A few of our users occasionally spin up pods that do a lot of number crunching. The front end is a web app that queries the pod and waits for a response.
Some of these queries exceed the default 30s timeout for the pod ingress. So, I added an annotation to the pod ingress to increase the timeout to 60s. Users still report occasional timeouts.
I asked how long they need the timeout to be. They requested 1 hour.
This seems excessive. My gut feeling is this will cause problems. However, I don’t know enough about ingress timeouts to know what will break. So, what is the worst case scenario of 3-10 pods having 1 hour ingress timeouts?
I asked how long they need the timeout to be. They requested 1 hour.
That’s outright insane. Does this mean that if they connection has any type of hiccup, all their work is lost?
Instead of having web apps working directly out of request-response cycle, these long running jobs need to be treated as a proper separate task, which gets a proper record entry in their database and could be queried for the results later.

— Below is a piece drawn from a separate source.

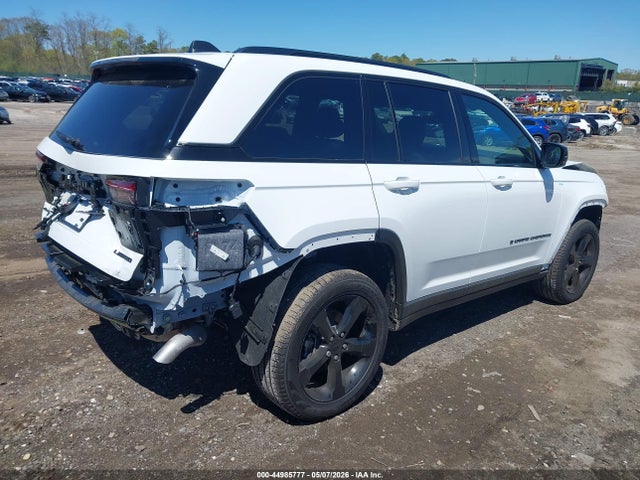 1C4RJHBG4S8781722 Jeep Grand Cherokee Limited 4x4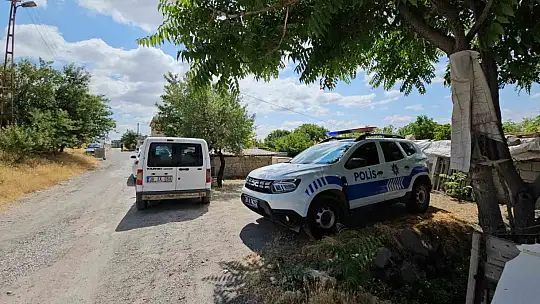 Evin bahçesinde vurulan şahıs ağır yaralandı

It depends. If it’s an internal facing cluster with little other traffic then it’s probably fine. If it’s a public facing cluster with NAT then you risk the possibility of exhausting the number of ports for open connections.
If the frontend reliably closes connections when done, then it’s probably fine to just set a 1h timeout. If you run into the problem of clients leaving idle connections open then you may want to consider setting an idle timeout, and then have the client send keepalive packets to the backend, websocket style.
There’s a lot of smaller and bigger possible problems with that, but I think there’s only one way to find out if those can become actual problems.
Try it, and report back.